**About this exercise:** When writing out the entries below, keep only the lines from the line with "In this softly" to the line with "a view of a balcony with chairs", both included, exactly as they are, and leave the pictures aside.

**Information provided:**
§ §
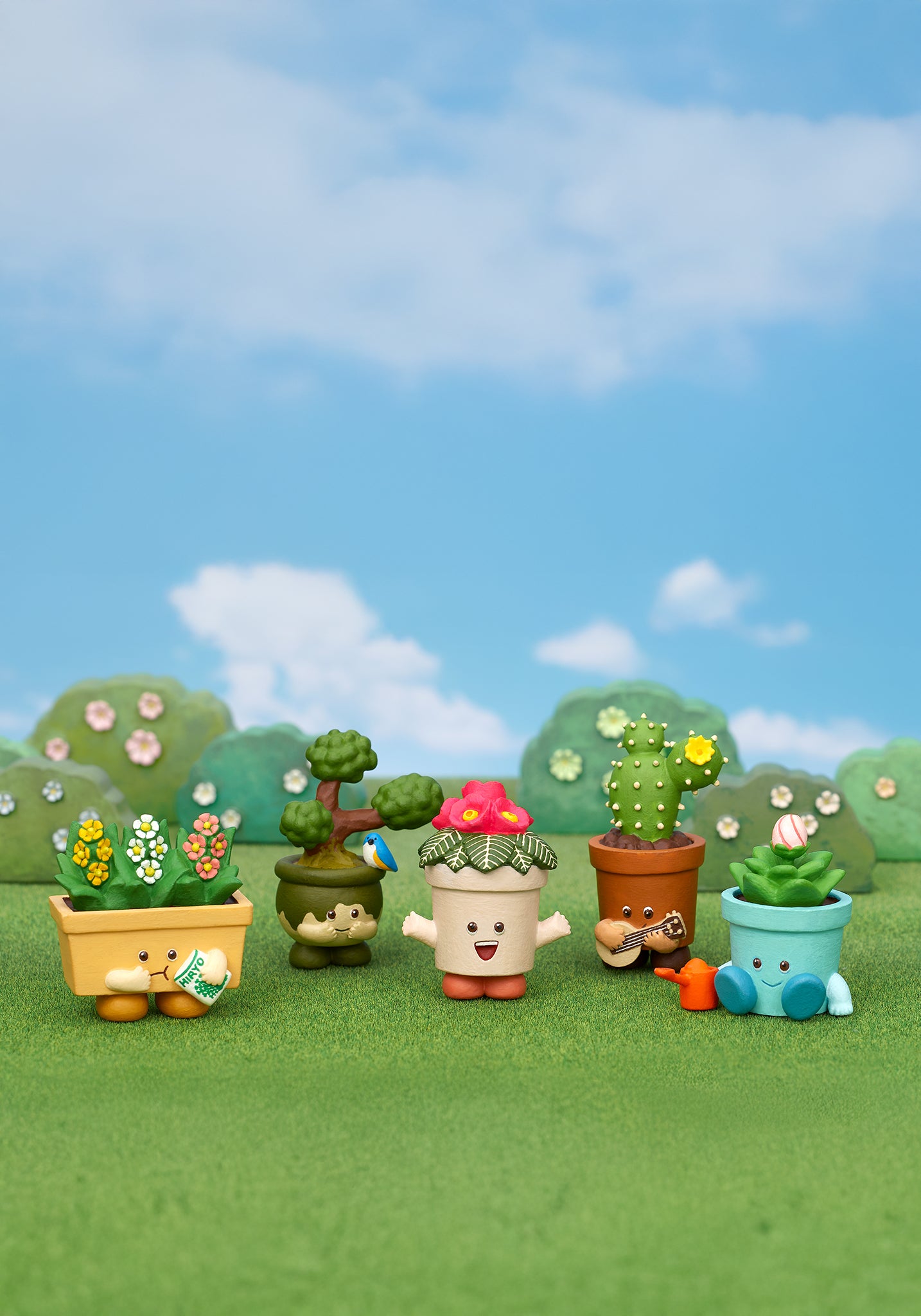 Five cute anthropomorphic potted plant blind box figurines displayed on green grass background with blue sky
§ §
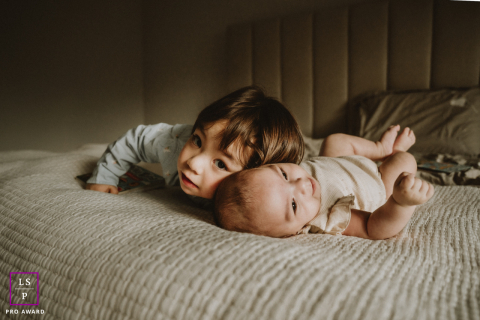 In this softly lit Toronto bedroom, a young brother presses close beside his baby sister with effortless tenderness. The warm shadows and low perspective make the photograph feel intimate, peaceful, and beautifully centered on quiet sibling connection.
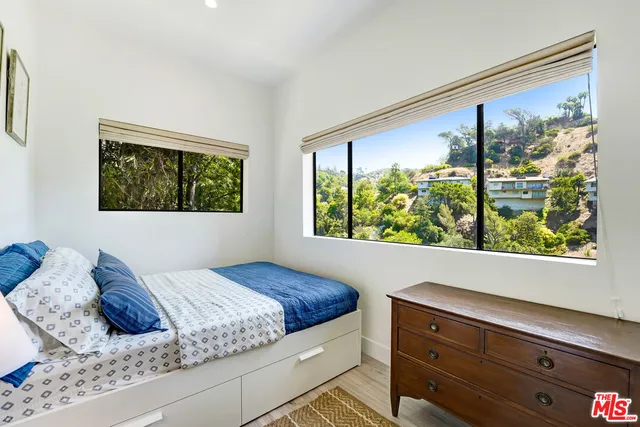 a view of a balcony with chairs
§ §
**Expected answer:**
 In this softly lit Toronto bedroom, a young brother presses close beside his baby sister with effortless tenderness. The warm shadows and low perspective make the photograph feel intimate, peaceful, and beautifully centered on quiet sibling connection.
 a view of a balcony with chairs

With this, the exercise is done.